The second panel in Figure 1 illustrates changes in urbanisation, which attenuates the total factor productivity shocks because the average level of labour productivity is greater in non-agriculture than in agriculture. The third panel shows the rise in international emigration. Finally, the fourth panel shows how urbanisation and international migration affect human capital accumulation.

Although urbanisation increases access to education in poor countries, rising international emigration reduces human capital accumulation in developing countries. The reason is that high-skilled people face smaller migration costs, which implies that international emigration is of the brain-drain type.

As temperatures and sea level continue to rise, the economic prosperity of dozens of millions is under threat. Under the maximalist scenario, the macroeconomic effects will be twice as large, and the share of the population below the poverty line will increase by five percentage points.

Climate Migrants Will Mostly Relocate Within Their Country

Comparing climate scenarios to the benchmark, Figure 2 gives the number of climate migrants predicted for the 21st century for each 30-year window. We suppose that migration laws and policies do not change from those of the current period, and we first ignore climate-related conflicts.
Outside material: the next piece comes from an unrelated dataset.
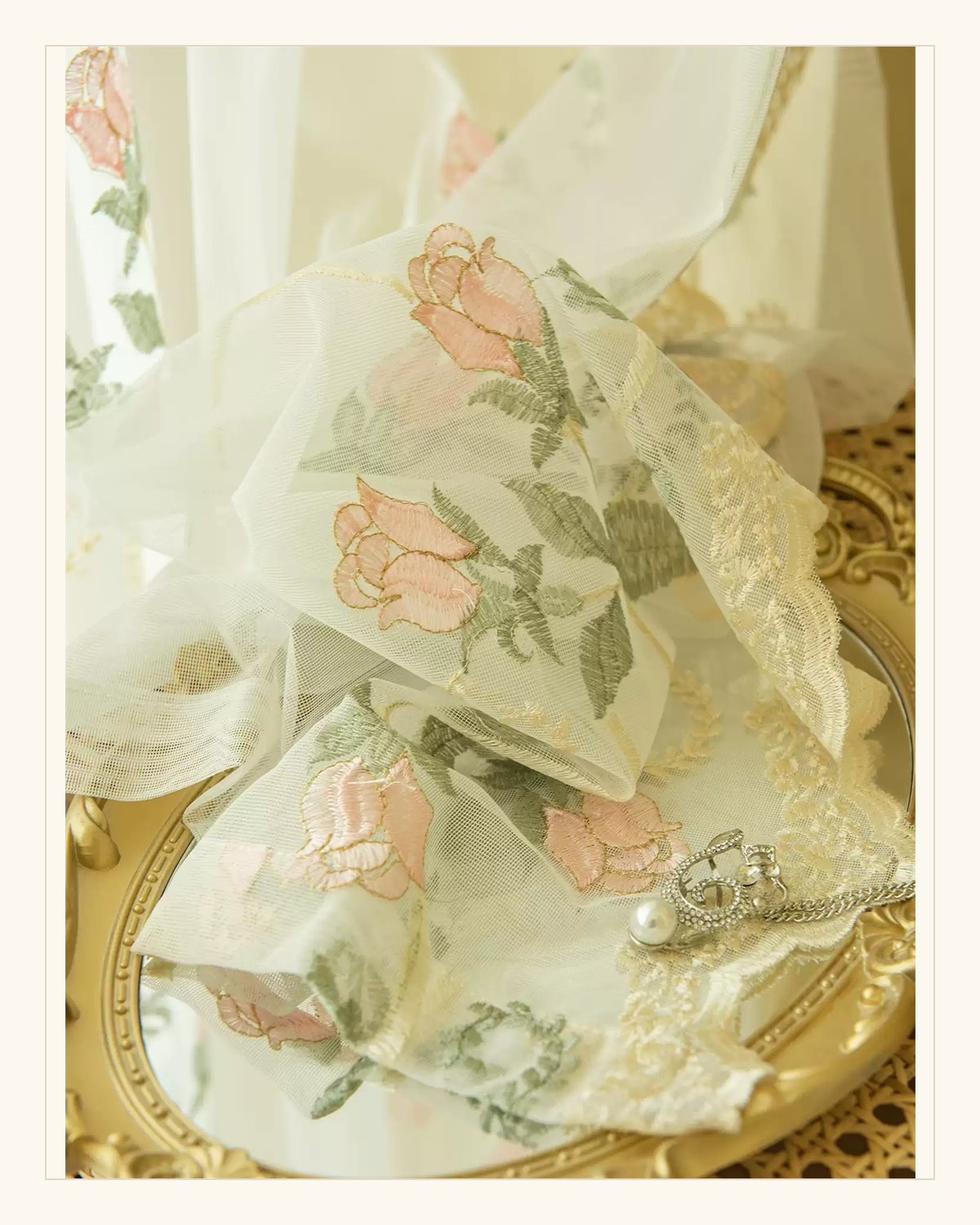 Pink Rose Embroidered Sheer Curtain close-up of floral lace embroidery thumbnail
Combining slow-onset and fast-onset mechanisms, climate change will lead to displacements from vulnerable to more viable locations in their country or abroad (Rigaud et al. 2018). Over the century, this will induce movement of 105 million adults in the intermediate scenario to 162 million adults in the maximalist, translating to about 210 to 320 million people with accompanying children.
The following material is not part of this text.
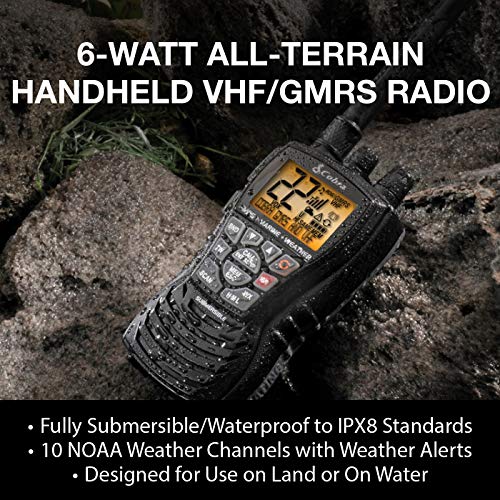 Cobra MR HH450 DUAL Handheld Floating VHF Radio – 6 Watt, All-Terrain, Submersible, Noise Cancelling Mic, Backlit LCD Display, Memory Scan, Black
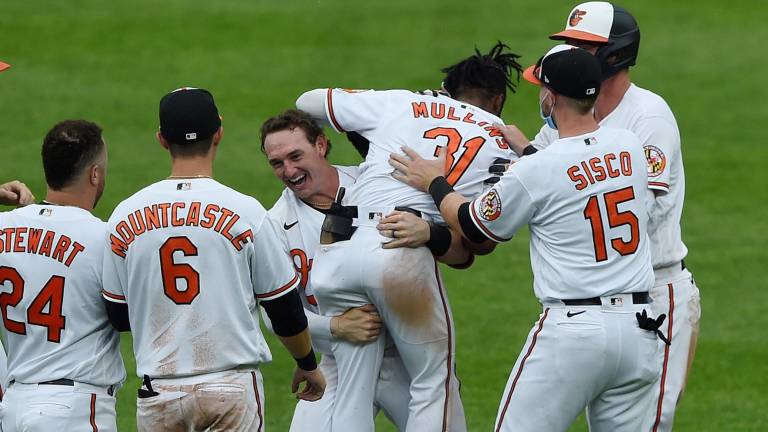Los Orioles de Baltimore festejan su triunfo.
Figure 2 Number and type of climate migrants (million per 30-year window)


In the intermediate scenario, 58% (maximalist scenario: 41%) are local movements within the region of birth (from flooded to non-flooded areas), 16% (maximalist: 26%) are interregional (from agriculture to non-agriculture), and 26% (maximalist: 33%) international to the OECD countries. This represents 27.7 million (maximalist: 56.1 million) international adult migrants over the century. On average, this means that the stock of climate immigrants to OECD countries increases by 9 million (maximalist: 17 million) per period.
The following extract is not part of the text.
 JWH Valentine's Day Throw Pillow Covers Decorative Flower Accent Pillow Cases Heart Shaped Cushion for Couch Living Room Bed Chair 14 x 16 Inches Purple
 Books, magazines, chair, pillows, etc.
Figure 2 also reveals that the brunt of climate change impact is in the first half of the century. By the year 2040, only 10% (maximalist: 14%) of climate migrants will leave their country. Hence, compared to other drivers of migration pressure – such as population growth differentials and the rise in educational attainment – climate change will induce limited effects on the share of international migrants to high-income countries. It will increase the immigrant share in total population by 0.4 percentage points (maximalist: 0.9 percentage points) in the US and in Europe, while demographic imbalances and the rise of education should increase migration pressure by seven to nine percentage points.

Considering additional climate variants, our model clearly suggests that forced displacements due to sea-level rise will be mostly local, while inter-regional and international mobility responses will be overwhelmingly governed by the total factor productivity responses to temperature change.

Added International Migration Pressure from Climate-Related Conflicts

In contexts of high political and social instability, climate change could contribute to the onset and propagation of conflicts, which would produce additional waves of forced displacements. While the literature on climate and conflicts shows mixed results, Burke et al. (2015b) and Abel et al. (2019) argue that climate change’s effect on conflict occurrence is particularly relevant for countries undergoing political transformation or poverty crises.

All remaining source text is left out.